▶ _Task instructions_:
I would like you to output every record below exactly, apart from the pictures.

── Data for processing ──

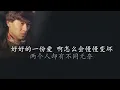 冰雨 - 刘德华 (歌词版) / 张宇 - 《雨一直下》 [歌词]  / 林忆莲 & 李宗盛 -《当爱已成往事》 [歌词]  『或许我　不该问　让你平静的心　再起涟漪』lyrics
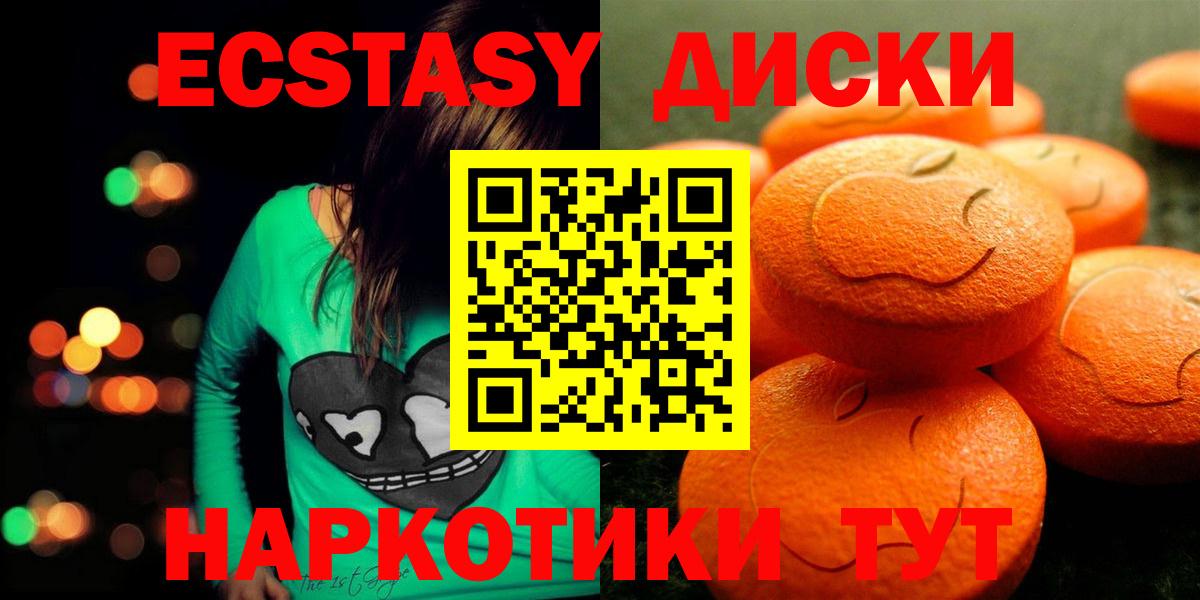 Грозный  Экстази 250 мг  blacksprut рабочий сайт  Экстази круглые  Вход с VPN  ЭКСТАЗИ 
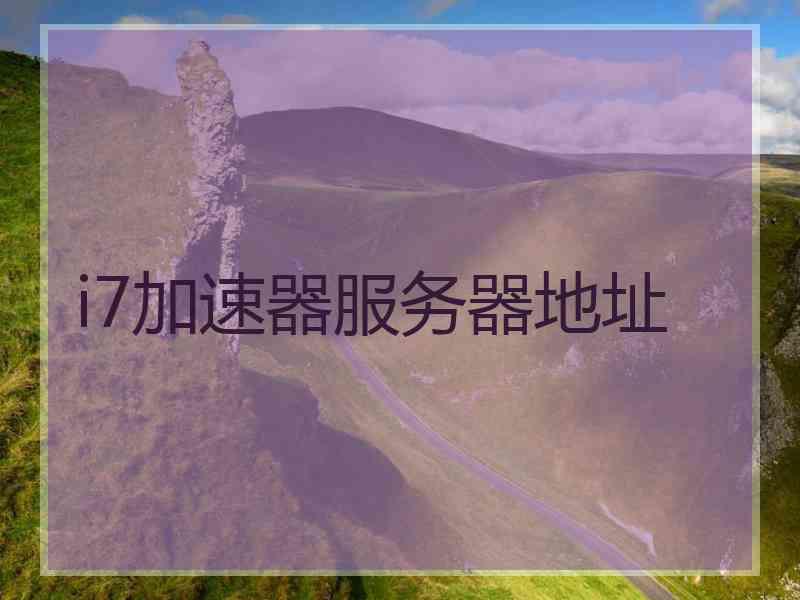 i7加速器服务器地址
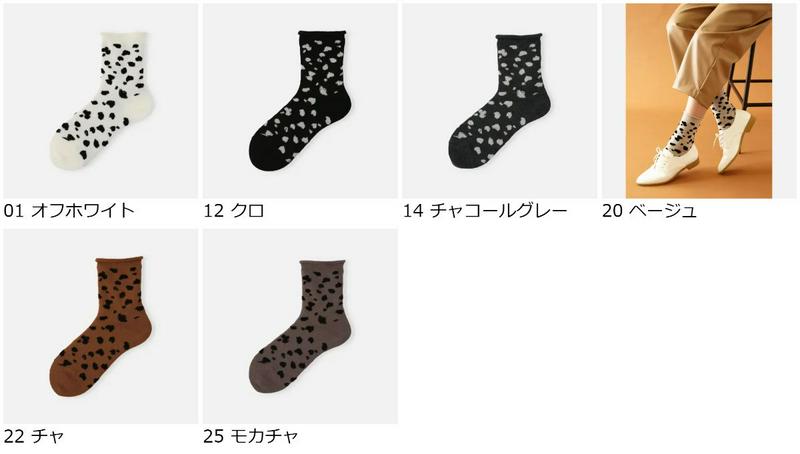 【全品送料無料～6/26 09:59迄】【あす楽】【公式 Tabio】 ダルメシアン柄ショートソックス / 靴下屋 靴下 タビオ くつ下 ショート レディース 白 日本製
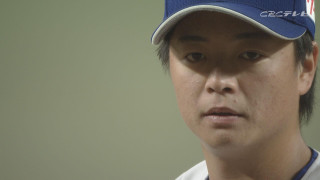 櫻井頼之介、次こそプロ初勝利を！井上竜が巨人３連勝を逃した“大きな壁”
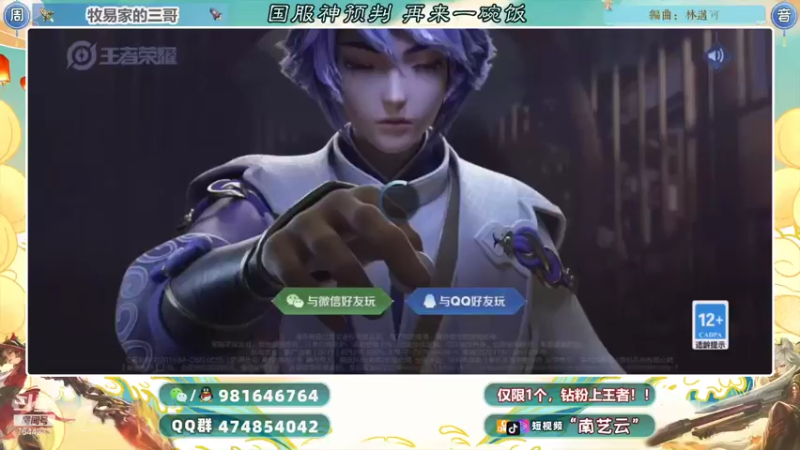 【2021-11-09 19点场】南艺云：国服云缨狂铁金标顶级教学！！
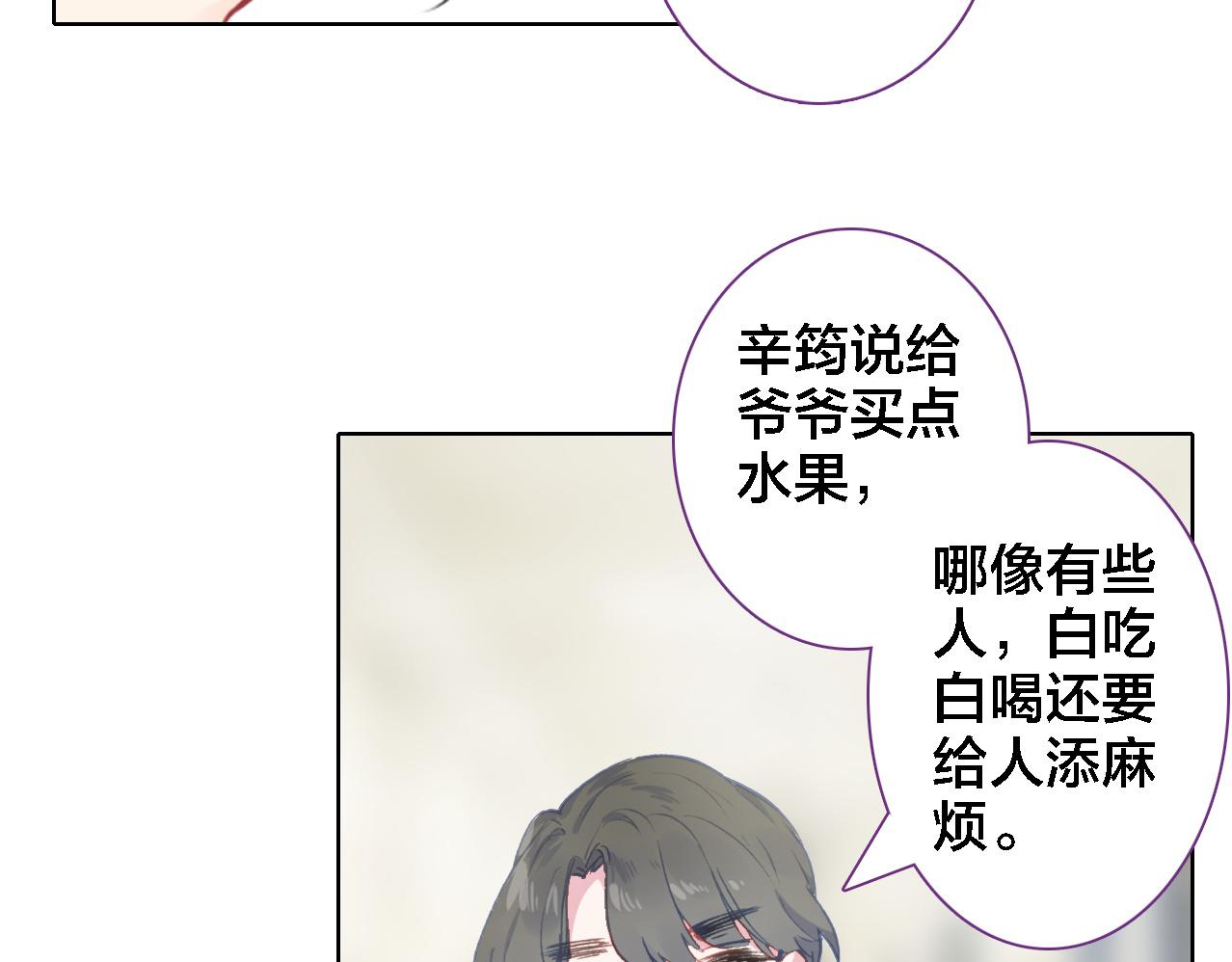 第21话 记忆(1/3)-第22话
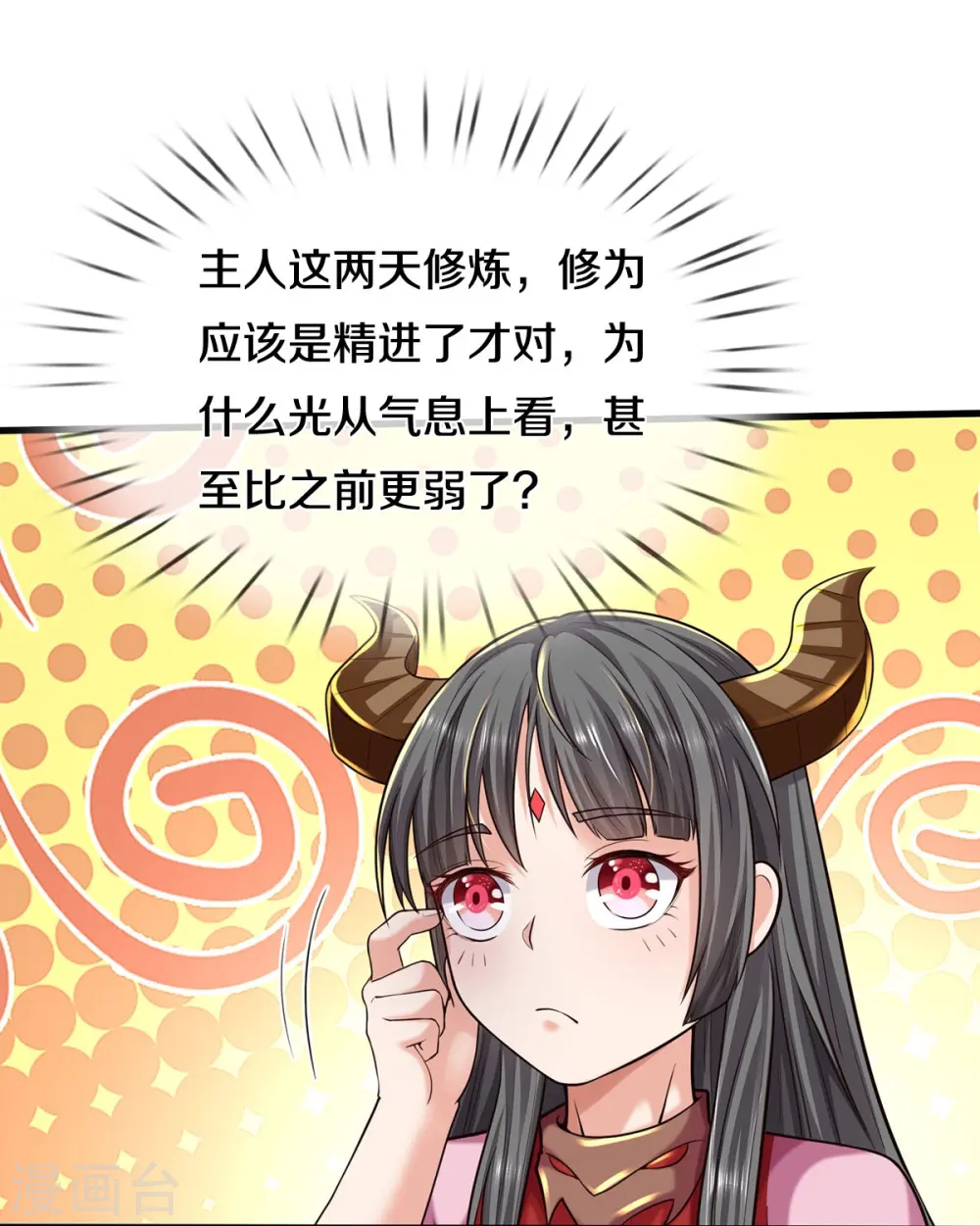 第552话 不幸童年，万恶之源 第21页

───

▶ _Reply to the task_:
 冰雨 - 刘德华 (歌词版) / 张宇 - 《雨一直下》 [歌词]  / 林忆莲 & 李宗盛 -《当爱已成往事》 [歌词]  『或许我　不该问　让你平静的心　再起涟漪』lyrics
 Грозный  Экстази 250 мг  blacksprut рабочий сайт  Экстази круглые  Вход с VPN  ЭКСТАЗИ 
 i7加速器服务器地址
 【全品送料無料～6/26 09:59迄】【あす楽】【公式 Tabio】 ダルメシアン柄ショートソックス / 靴下屋 靴下 タビオ くつ下 ショート レディース 白 日本製
 櫻井頼之介、次こそプロ初勝利を！井上竜が巨人３連勝を逃した“大きな壁”
 【2021-11-09 19点场】南艺云：国服云缨狂铁金标顶级教学！！
 第21话 记忆(1/3)-第22话
 第552话 不幸童年，万恶之源 第21页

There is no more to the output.